Trauerfall ist kein Reiserücktrittsgrund – Stornokosten werden nicht erstattet

Das Amtsgericht München hat kürzlich entschieden, dass ein Trauerfall keine Inanspruchnahme der Reiserücktrittsversicherung rechtfertigt. Eine Frau buchte die Reise für sich und ihren Ehemann bereits im Dezember 2013. Am 30.04.2014 schloss sie nachträglich eine Reiserücktrittsversicherung ab. Am nächsten Tag verstarb ihr Ehemann plötzlich, die Witwe informierte die Versicherung jedoch nicht über den Tod ihres Mannes. Erst am 20.05.2014 stornierte sie die Reise und gab als Grund eine psychosoziale Belastungsstörung aufgrund des Trauerfalles bei der Versicherung an. Diese weigerte sich jedoch, die Stornokosten in Höhe von 3.441,60 € zu zahlen.

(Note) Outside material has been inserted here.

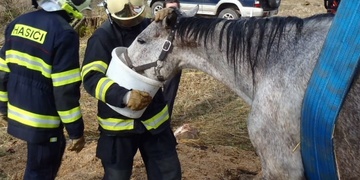 Hasiči vyráželi na pomoc nemocnému koni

Doch auch vor dem Amtsgericht München scheiterte die Witwe mit ihrer Klage. Das Gericht begründete seine Entscheidung dahingehend, dass die Reise sofort nach dem Todesfall storniert werden hätte müssen. Darüber hinaus hätte unverzüglich die Versicherung informiert werden müssen. Abgesehen davon hat die Klägerin keine schwerwiegende Krankheit erlitten, da die Trauer bei einem Todesfall keine unerwartete psychische Störung darstellt, sondern vielmehr eine normale Folge des Versterbens eines nahen Angehörigen ist.